Bukele's party in El Salvador ousts top prosecutor, spurring U.S. criticism
- The party of El Salvador's president, Nayib Bukele, voted early yesterday to remove the Central American country's top prosecutor, part of an intensifying political drama that has drawn criticism from U.S. officials and others.
The vote shortly after midnight to dismiss Attorney General Raul Melara followed a new legislative majority's vote on Saturday night to oust all of the judges who sit in the constitutional chamber of the nation's Supreme Court.
The vote provoked rebukes from opposition lawmakers as well as some international rights organizations.
After a call with Bukele later yesteday, U.S. Secretary of State
Antony Blinken expressed "grave concern" over the ouster of the judges and prosecutor in a statement.

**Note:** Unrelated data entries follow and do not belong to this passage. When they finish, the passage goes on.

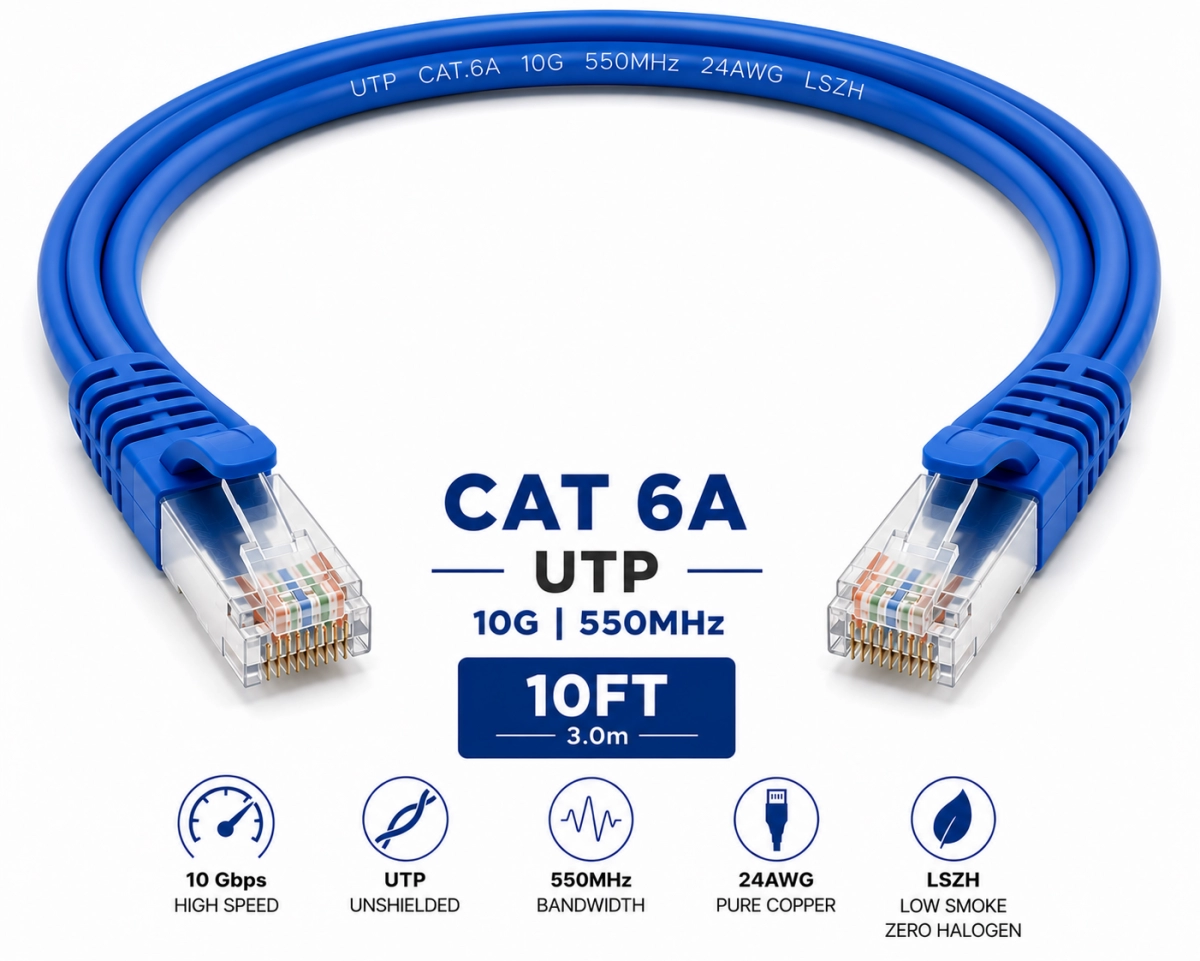 Patch Cord UTP Cat 6A 10FT Azul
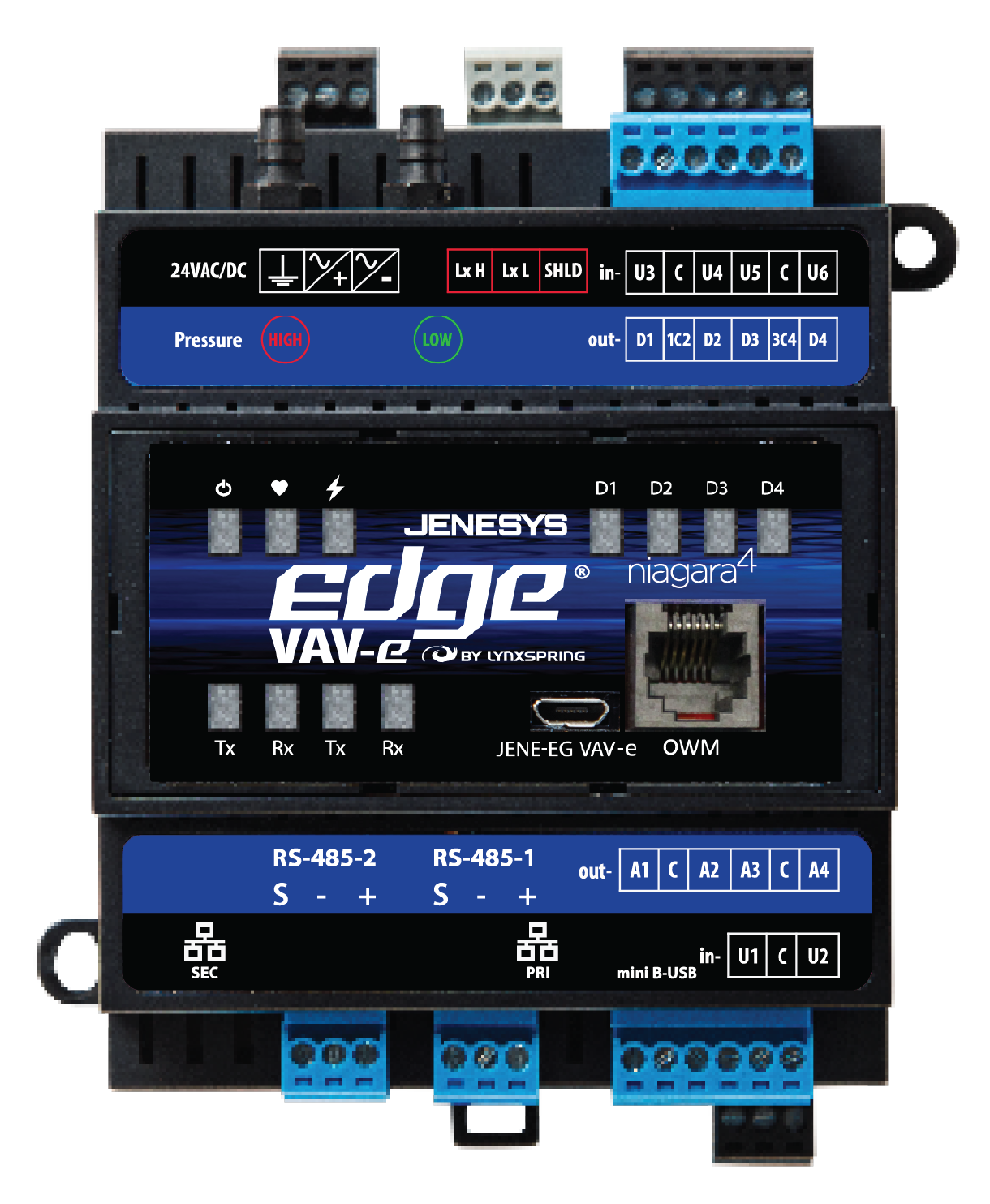 Lynxspring JENEsys Edge VAV-e zone controller with labels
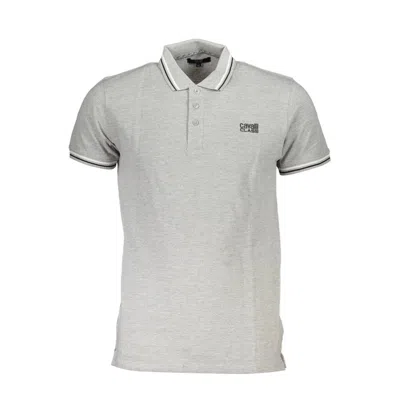 Cavalli Class Brown Cotton Men Polo Shirt In Gray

U.S. Vice President Kamala Harris tweeted late on Sunday that the United States had "deep concerns about El Salvador’s democracy, in light of the National Assembly’s vote to remove constitutional court judges."
Ruling party lawmakers accused Melara, whose office wields significant power to conduct investigations, of lacking independence, while Blinken cited what he described as the chief prosecutor's effective track record in fighting corruption and impunity. President Joe Biden's administration has cited corruption in El Salvador, Guatemala and Honduras as one of the root causes, along with gang violence and poverty, of the increased flow of migrants to the U.S.-Mexico border.
His administration is pressing those governments to do more to fight crime.